Recently, I was reading a story in a newspaper publication on why the Dairy Breakfast was canceled this past June in Lafayette County, Wisconsin. What caught my attention was the headline: “Road disrepair dead ends dairy breakfast”.  The article said that the dairy breakfast “organizers decided that a spate of road and bridge repairs would make it difficult for people to even get to the June 11 event. With numerous roads being resurfaced or replaced and seven bridges throughout the county needing upgrades, many of the 3,000 people who typically attend the annual dairy breakfast simply wouldn’t have been able to travel to it, at least not without significant delays, organizers said.” As a result, the event was canceled altogether. 

What? I get that it’s a lot of work to prepare for a dairy breakfast and you want people to attend. But to assume that people won’t come out in mass because of road repairs seems a bit odd to me. Personally, I’ve driven all over Lafayette County this past summer traveling from one end to the next going south to north and east to west and back again.

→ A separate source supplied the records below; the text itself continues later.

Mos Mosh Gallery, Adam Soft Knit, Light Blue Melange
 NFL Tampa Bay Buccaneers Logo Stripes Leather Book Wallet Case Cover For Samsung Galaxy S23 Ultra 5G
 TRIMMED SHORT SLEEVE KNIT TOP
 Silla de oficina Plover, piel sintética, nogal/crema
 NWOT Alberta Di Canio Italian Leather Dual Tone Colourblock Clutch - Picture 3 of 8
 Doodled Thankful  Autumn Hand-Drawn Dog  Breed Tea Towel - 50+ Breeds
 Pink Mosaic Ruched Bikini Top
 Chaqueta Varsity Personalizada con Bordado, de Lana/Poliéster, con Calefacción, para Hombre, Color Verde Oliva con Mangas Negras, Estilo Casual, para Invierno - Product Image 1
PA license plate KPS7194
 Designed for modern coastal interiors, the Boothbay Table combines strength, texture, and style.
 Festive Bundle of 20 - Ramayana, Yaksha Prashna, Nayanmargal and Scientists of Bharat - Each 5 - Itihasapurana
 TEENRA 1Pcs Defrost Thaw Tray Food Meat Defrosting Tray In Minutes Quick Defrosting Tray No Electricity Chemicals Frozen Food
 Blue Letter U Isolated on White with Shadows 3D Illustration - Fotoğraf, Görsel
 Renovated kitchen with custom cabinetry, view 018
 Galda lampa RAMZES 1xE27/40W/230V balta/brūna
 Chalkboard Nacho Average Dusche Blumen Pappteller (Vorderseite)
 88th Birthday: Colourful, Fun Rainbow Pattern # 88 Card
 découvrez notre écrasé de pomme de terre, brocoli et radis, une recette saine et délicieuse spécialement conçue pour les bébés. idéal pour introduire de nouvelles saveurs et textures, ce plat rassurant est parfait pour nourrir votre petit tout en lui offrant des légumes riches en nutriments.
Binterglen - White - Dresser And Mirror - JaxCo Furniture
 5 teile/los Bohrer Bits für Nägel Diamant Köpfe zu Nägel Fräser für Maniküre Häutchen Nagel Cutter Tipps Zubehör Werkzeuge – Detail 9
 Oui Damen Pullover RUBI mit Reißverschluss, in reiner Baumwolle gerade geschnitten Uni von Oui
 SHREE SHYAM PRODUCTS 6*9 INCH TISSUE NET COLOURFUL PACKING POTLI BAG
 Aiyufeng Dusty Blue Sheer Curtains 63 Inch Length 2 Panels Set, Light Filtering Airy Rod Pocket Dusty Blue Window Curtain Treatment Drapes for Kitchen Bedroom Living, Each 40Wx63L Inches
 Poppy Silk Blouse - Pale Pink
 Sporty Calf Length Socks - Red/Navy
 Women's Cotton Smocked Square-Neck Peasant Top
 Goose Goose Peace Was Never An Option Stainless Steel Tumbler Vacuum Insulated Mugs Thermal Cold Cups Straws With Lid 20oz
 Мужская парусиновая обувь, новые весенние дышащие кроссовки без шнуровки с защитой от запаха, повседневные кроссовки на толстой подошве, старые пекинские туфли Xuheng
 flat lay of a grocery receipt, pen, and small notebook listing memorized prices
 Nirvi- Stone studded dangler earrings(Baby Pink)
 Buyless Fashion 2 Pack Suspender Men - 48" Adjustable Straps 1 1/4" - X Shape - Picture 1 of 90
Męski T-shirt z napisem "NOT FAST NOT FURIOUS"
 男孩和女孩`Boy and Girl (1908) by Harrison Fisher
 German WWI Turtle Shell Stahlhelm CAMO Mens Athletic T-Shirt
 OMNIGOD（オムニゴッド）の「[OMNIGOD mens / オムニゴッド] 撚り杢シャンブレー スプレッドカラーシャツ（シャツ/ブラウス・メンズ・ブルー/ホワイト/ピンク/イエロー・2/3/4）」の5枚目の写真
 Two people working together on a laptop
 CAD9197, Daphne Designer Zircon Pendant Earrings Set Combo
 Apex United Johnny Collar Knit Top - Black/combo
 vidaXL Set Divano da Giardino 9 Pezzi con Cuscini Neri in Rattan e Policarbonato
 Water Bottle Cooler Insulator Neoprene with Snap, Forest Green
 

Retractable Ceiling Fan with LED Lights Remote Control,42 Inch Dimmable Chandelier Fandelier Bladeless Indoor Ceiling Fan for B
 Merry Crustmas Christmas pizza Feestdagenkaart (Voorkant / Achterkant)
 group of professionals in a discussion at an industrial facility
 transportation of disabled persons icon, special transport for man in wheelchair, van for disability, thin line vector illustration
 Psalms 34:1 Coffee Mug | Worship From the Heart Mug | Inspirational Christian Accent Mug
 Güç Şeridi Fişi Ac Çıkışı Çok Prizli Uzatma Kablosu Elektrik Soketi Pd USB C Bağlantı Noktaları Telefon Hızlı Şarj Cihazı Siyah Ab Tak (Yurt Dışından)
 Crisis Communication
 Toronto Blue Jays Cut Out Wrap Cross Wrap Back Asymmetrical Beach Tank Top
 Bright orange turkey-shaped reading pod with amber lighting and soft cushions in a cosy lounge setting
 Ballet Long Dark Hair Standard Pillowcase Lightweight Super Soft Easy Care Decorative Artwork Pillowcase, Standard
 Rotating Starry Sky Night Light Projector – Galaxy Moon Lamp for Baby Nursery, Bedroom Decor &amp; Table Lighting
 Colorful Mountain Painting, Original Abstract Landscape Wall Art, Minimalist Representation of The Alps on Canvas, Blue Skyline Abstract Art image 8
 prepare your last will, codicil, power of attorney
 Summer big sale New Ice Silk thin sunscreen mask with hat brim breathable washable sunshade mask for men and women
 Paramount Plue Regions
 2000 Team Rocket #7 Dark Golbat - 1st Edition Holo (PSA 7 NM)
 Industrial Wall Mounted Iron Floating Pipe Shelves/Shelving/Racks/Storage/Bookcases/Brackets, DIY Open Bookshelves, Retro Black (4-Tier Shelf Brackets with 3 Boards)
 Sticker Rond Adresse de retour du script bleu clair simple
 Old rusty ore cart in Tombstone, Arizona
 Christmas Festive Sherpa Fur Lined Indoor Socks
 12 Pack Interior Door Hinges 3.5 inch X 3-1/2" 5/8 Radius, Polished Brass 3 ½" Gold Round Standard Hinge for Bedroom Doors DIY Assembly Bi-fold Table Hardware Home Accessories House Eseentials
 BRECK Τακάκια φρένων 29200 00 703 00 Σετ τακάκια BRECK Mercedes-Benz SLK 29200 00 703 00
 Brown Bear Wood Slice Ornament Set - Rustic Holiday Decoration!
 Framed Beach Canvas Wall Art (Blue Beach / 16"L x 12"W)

I live in Lafayette County. There is road construction and there are detours, for sure, but no road construction or detour would ever prevent me from attending an event I had my heart set on attending – the dairy breakfast being one of them. As far as I know, road construction has never stopped anyone from getting to their destination. Delays are inevitable no matter when or where you travel, but a delay has never prevented me from getting to where I am going. 

This might sound odd, but the fact is, road construction can actually add to the enjoyment of the trip because the detours cause us to take routes that we would not otherwise travel. My usual instinct is to take the most traveled, fastest route to my destination. However, detours cause me to take roads I’ve never been on before and to see countryside I otherwise would never take the time to see. Television companies have spent millions of dollars making TV shows depicting roads less traveled. M. Scott Peck became a famous author by writing a book called “The Road Less Traveled.” The American spirit is full of heroes and entrepreneurs who chose the backroads of life to carve out our nation’s uniqueness and greatness. People spend huge sums of money to buy homes in remote areas of the country in order to live on a backroad. It grates against every part of me to learn that a rural event so popular and educational was canceled because someone assumed we wouldn’t go if we couldn’t take the main road.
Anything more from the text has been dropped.